(PROBLEM TO SOLVE) From the first line to the last, copy the material word for word; pictures stay out.

(DATASET CONTENT)

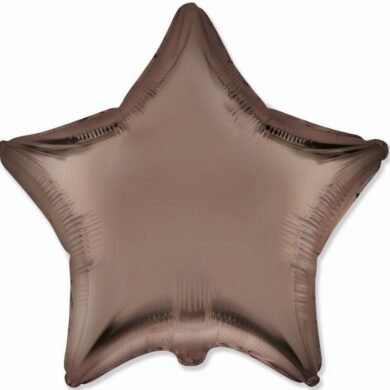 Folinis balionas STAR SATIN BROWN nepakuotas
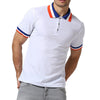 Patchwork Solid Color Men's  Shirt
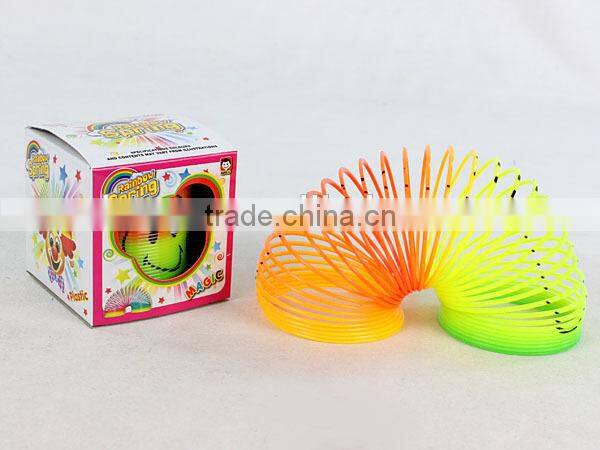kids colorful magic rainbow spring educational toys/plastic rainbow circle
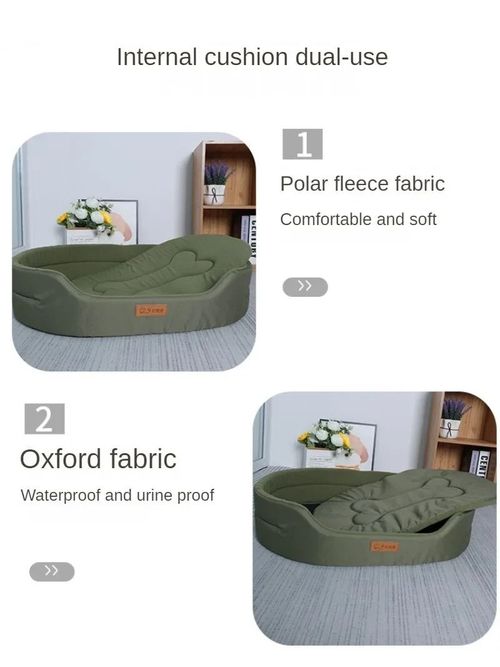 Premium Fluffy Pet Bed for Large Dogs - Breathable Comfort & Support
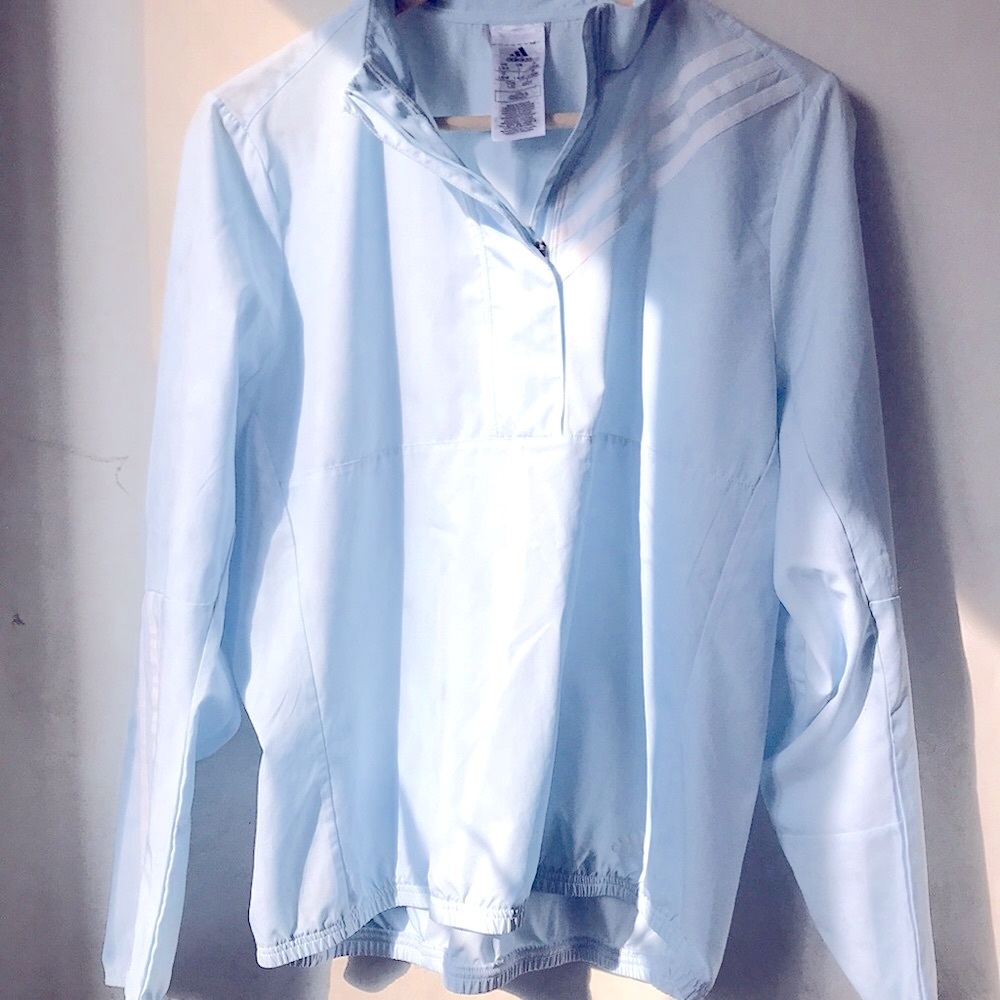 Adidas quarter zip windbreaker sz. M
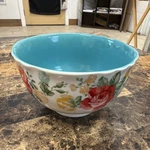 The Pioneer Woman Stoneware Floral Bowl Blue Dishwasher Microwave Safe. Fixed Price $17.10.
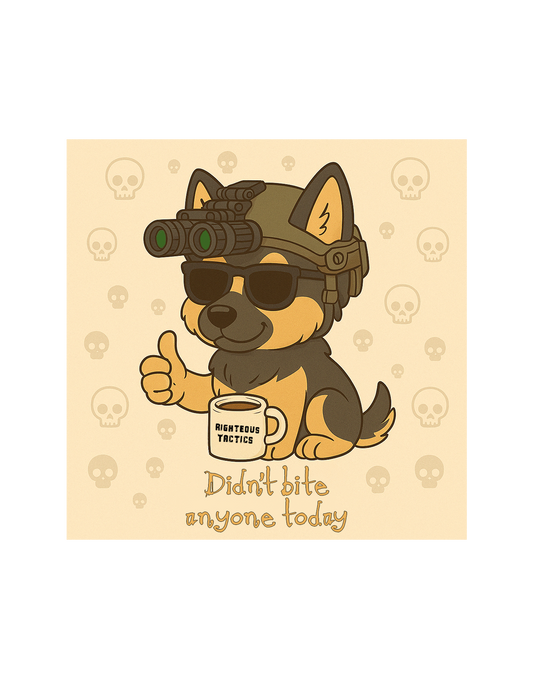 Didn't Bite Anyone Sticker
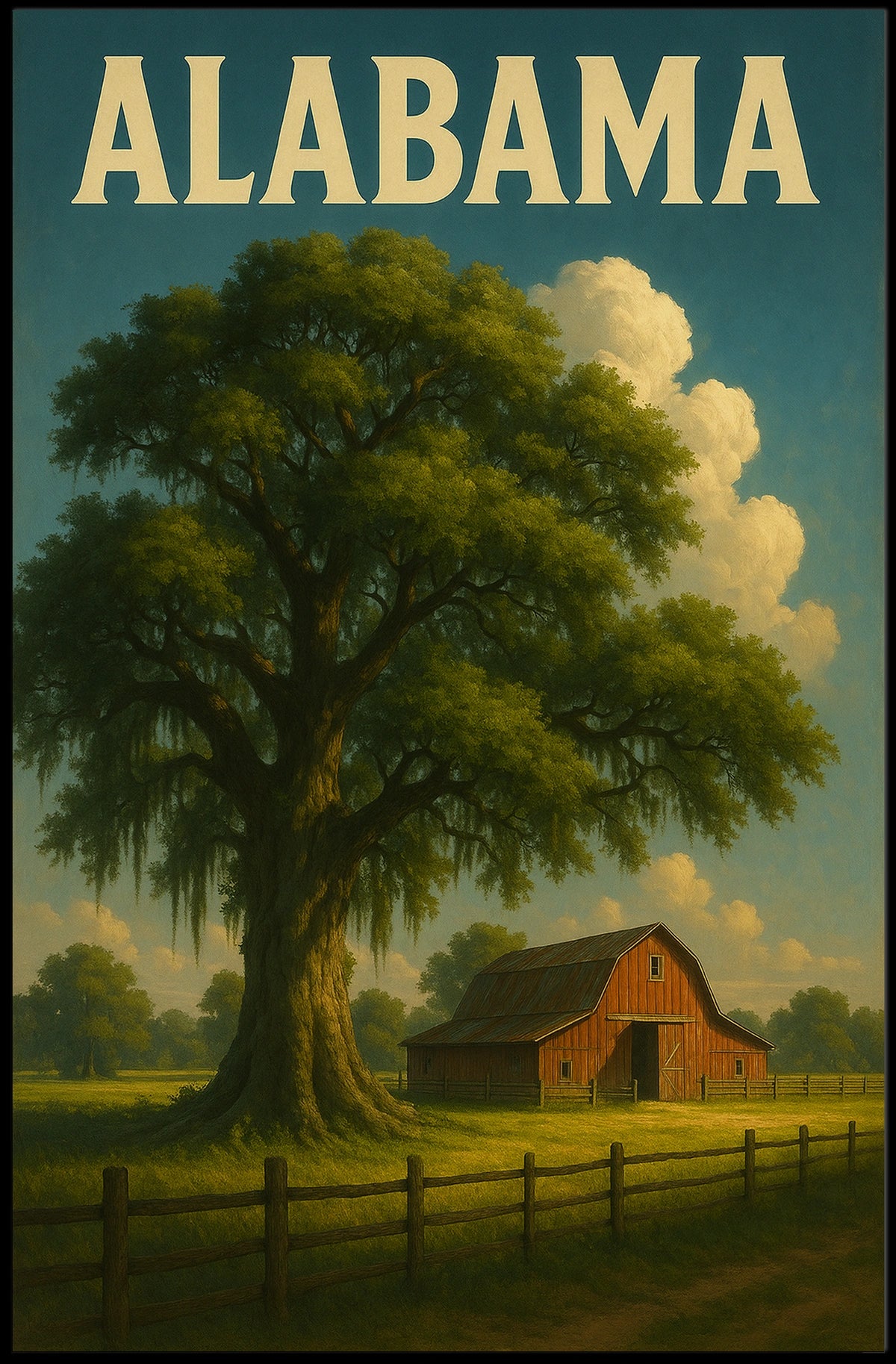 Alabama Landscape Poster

(ANSWER SECTION)
 Folinis balionas STAR SATIN BROWN nepakuotas
 Patchwork Solid Color Men's  Shirt
kids colorful magic rainbow spring educational toys/plastic rainbow circle
 Premium Fluffy Pet Bed for Large Dogs - Breathable Comfort & Support
 Adidas quarter zip windbreaker sz. M
 The Pioneer Woman Stoneware Floral Bowl Blue Dishwasher Microwave Safe. Fixed Price $17.10.
 Didn't Bite Anyone Sticker
 Alabama Landscape Poster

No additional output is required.